A partir de então, Isaías era um profeta? Ainda não. Faltava-lhe ainda conhecer
o conteúdo da profecia.
Neste estágio pós-traumático em que Isaías se encontrava favorece
muito o imediatismo de uma resposta positiva a um chamado ainda não tão
definido. A prontidão da resposta de Isaías é diametralmente oposta à reação de
outros profetas bíblicos, mas muito parecida com a daqueles que se proclamam profetas
atualmente. Observem que os profetas de hoje também fundamentam o seu chamado
profético em uma experiência extrassensorial, ainda que não tenham digerido bem
o comprometimento que aquele chamado exige. A regra é muito simples: enquanto
outros grandes profetas bíblicos tentaram de todas as maneiras recusar o seu
chamado e negarem teremptoriamente a sua vocação profética, os profetas atuais
fazem absoluta questão de serem assim chamados, e até se sentem orgulhosos
disso.
Vejam o que disse Moisés: Senhor, eu sou velho e gago. Jeremias: Senhor, eu não passo de uma criança. Amós se escondeu atrás do
gado. Ezequiel enlouqueceu. Oséias foi obrigado a receber de volta a esposa que
se prostituíra. Sem falar dos profetas anônimos que a maldade humana calou
antes que seus nomes fossem conhecidos.
Mas a euforia de Isaías iria durar muito pouco. Como prova do
que foi dito anteriormente, que uma experiência com Deus nunca é experiência definitiva
de nossas vidas, por mais sobrenatural que possa parecer, o “eis-me aqui” de
Isaías logo irá se tornar um “até quando?”.
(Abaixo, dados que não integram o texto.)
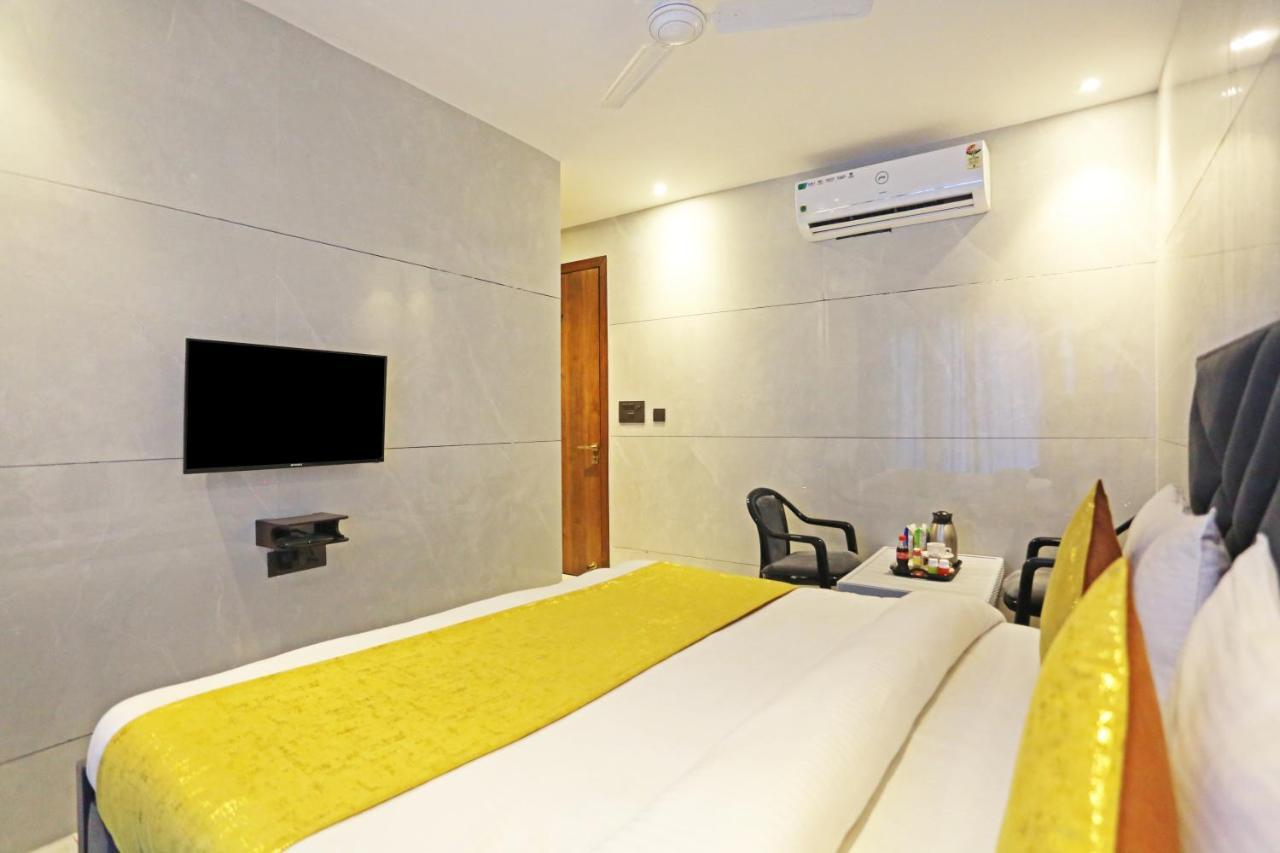 Hotel Preet Inn 05 Mints Walking Distance Nizamuddin Railway Station New Delhi Exterior foto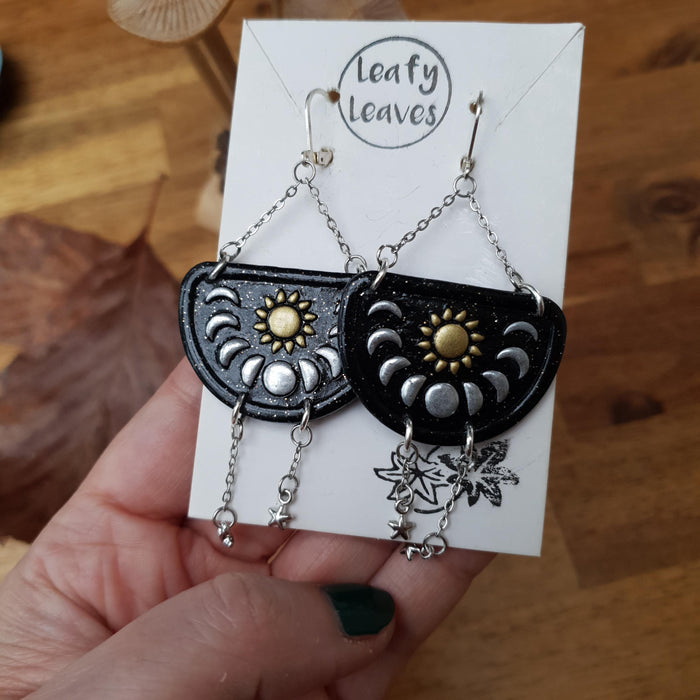 Moon phases and sun earrings / nature woodlands and forest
Isaías se torna um autêntico profeta quando começa a
questionar a missão profética para a qual é chamado a executar. Exatamente como
acontece com o perdão, a missão profética pode a princípio parecer doce, mas no
fundo é extremamente amarga: Torna
insensível o coração deste povo, endurece-lhe os ouvidos e fecha-lhe os olhos,
para que não venha ele a ver com os olhos, a ouvir com os ouvidos e a entender
com o coração, e se converta, e seja salvo.
Que contradição mais doida é essa? Ter que falar para não
ser ouvido. Ter que pregar para não ser entendido. Ter que convencer sem poder converter.
Para que fique registrado tão somente? Apenas para dizer mais tarde: eu não
disse? Até quando, Senhor? Ele respondeu:
Até que sejam desoladas as cidades e fiquem sem habitantes, as casas fiquem sem
moradores, e a terra seja de todo assolada, e o SENHOR afaste dela os homens, e
no meio da terra seja grande o desamparo.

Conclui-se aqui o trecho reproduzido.